Choosing appropriate camera equipment - Guidance Needed

Hi,

I have a fairly ambitious project for arduino.

I wish to lower a camera down a hole for inspection purposes. The hole is quite large in both diameter and depth. I would like the camera to be connected at depth via physical connection.i.e. a long cable connecting the camera to a screen at the surface. The long cable will be connected to a distance encoder such that someone on the surface could see the depth of which the camera is at, at any time. The idea is to have four cameras, each with approx 120° to 150° Field of view, arranged in a circle such that the full circumference is captured in video, with plenty of camera overlap. After the inspection, the four videos can be stiched together (at a later time, probably on a PC). I would like only one of the four cameras to send the video to a screen which would be viewed at the surface live during the inspection. Note that the camera may need to go 30m down a hole and the user won't be standing directly over the hole and as such a clear line of site will not be achieved, thus the need for a wired system. Further, the surface will be protected with a steel mesh layer to stop people falling in. If using wireless transmission I would worry that this mesh would interrupt the signal.

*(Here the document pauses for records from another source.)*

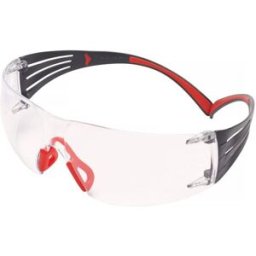 3M Skyddsglasögon SecureFit 400, klar lins med reptålig anti-fog-beläggning, röd/grå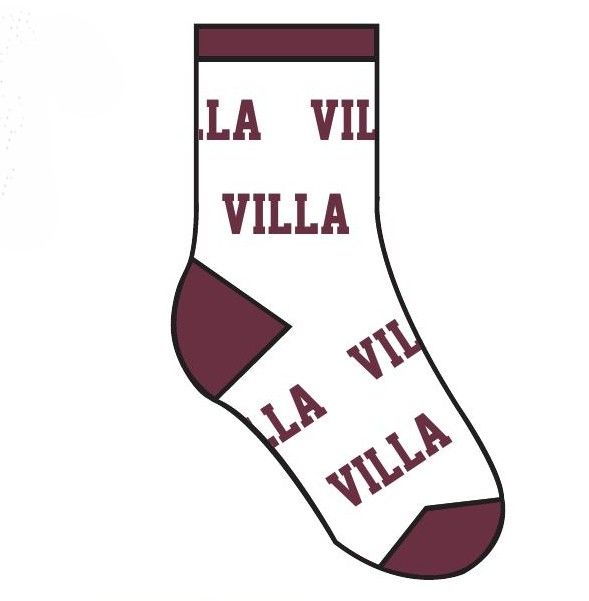 Youth White &amp; Maroon VILLA Crew Socks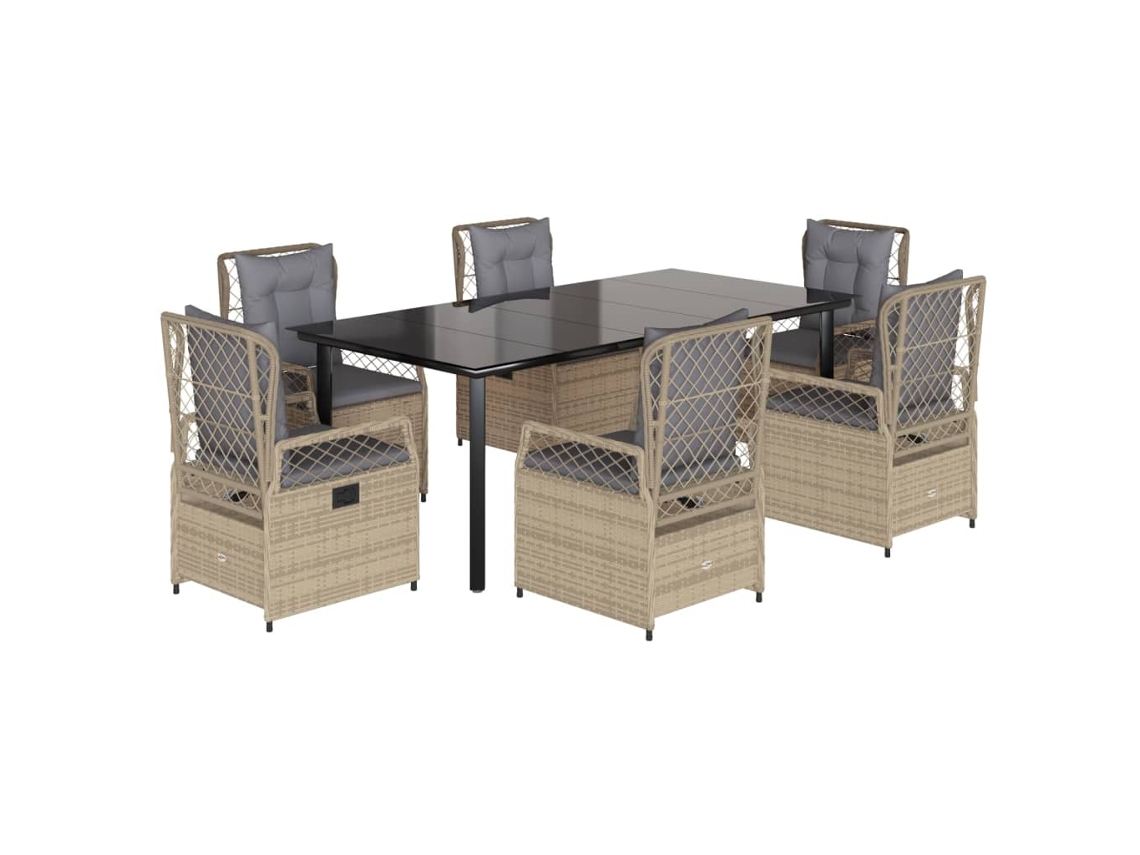 Garden Dining Set, Garden Dining Sets Vidaxl Bege Rattan / Vime (200 X 100 X 74 Cm)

What I would like arduino or similar micro controller to do:

a. Turn four (4) cameras on. b. turn them all to record mode Within a few milli seconds of each other. c. i. Overlay distance, orientation (from magnetometer) on video display, possible along the lines of https://www.open-electronics.org/a-video-overlay-shield-for-arduino/ ii.Save the distance encoder information and record it to a txt or csv file with time stamp, distace and orientation (From magnetometer). The distance encoder will provide information on how far the setup is down the hole or from a reference/zero point. d. rotation control via a motor. The equipment will be lowered down a hole with either set of three wires/cables in a triangluar shape or a single central point (Centre of mass, not geometrical centre). If the setup wants to start rotating, the motor will be engaged. The idea is to resist rotation (i.e. by rotating the motor to provide an equal and opposite reaction to the rig).

My question/required guidance is regarding the cameras to be used for such a project.

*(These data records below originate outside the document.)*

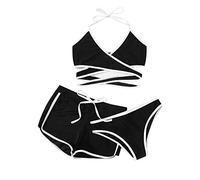 Costume da bagno da donna, 3 pezzi, costume da bagno da donna, con scollo a V, pantaloncini e pantaloncini corti + bikini set sexy chic halter alto triangolo + pantaloncini boxer + perizoma Swimsuit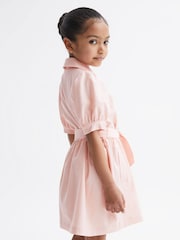 Reiss Pink Naomi Puff Sleeve Belted Dress - Image 7 of 8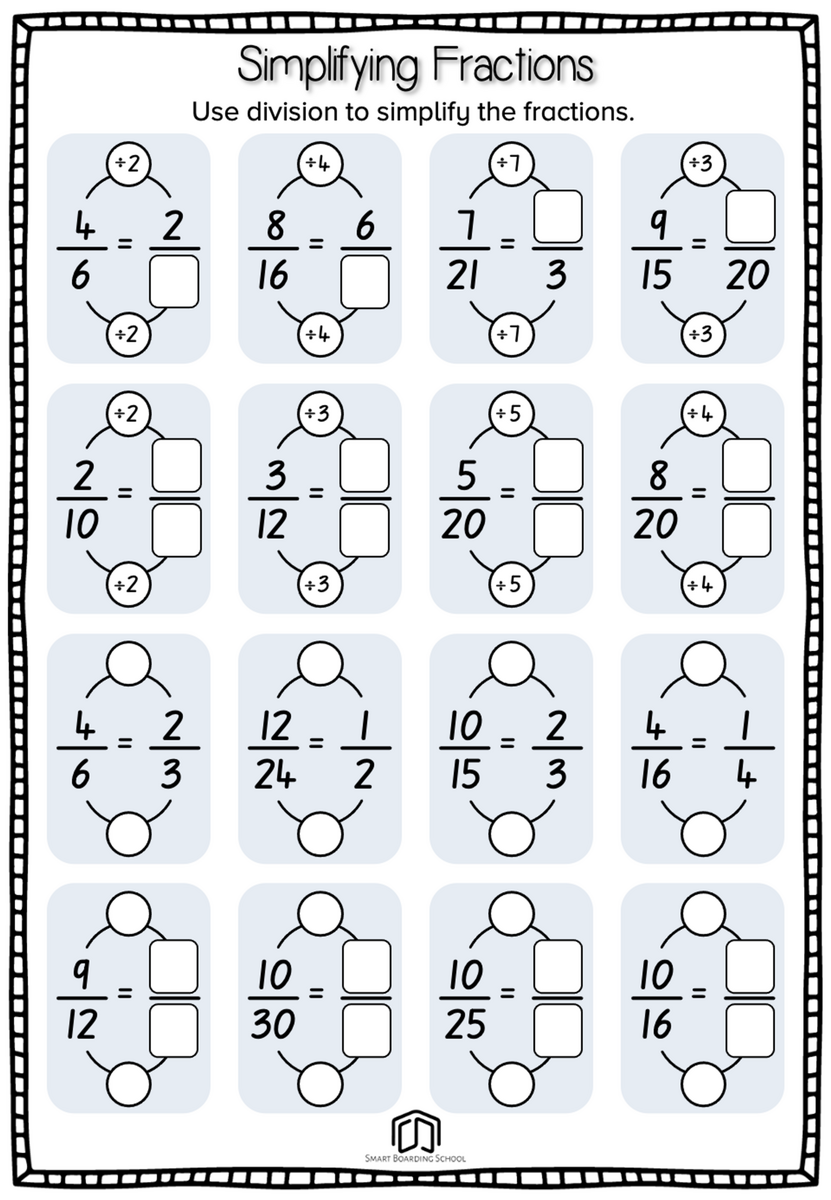 Simplifying Fractions Worksheet Simplifying Fractions A Worksheet Printable Maths Worksheets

I've got an arducam, however it's frame rate is too low for this application. I need some video with at least 30 fps.

I've done some reading on FPV cameras, however they are all wireless.

Not sure which type of camera is suitable.

If you have any recommendations, please let me know.

Thank you.

An Arduino is much too slow to handle video signals, or even still images with any sort of decent resolution.

An Arduino could be used to monitor the encoder to keep track of depth and (depending on the type of camera) it might be able to switch the camera on and off, or trigger the taking of a still image. The problem is how might the Arduino interface with the camera.

Super-imposing data from the Arduino onto the film at a later date is well beyond my knowledge. I guess if the Arduino data has real-time-clock data associated with each measurement there may be a way to sync that with similar data on the video file.

I wonder would it be easier to have a fifth camera recording the image on a display that is updated by the Arduino. It's a bit of a Heath-Robinson (Rube Goldberg) solution but it may allow you to use the same process that you are using to mix the images from the other 4 cameras.

...R

You may be better off employing a Raspberry Pi for this application. It can certainly handle live video (depending on the resolution) and do such time overlays. The Pi can of course also start the video streams and do other tasks.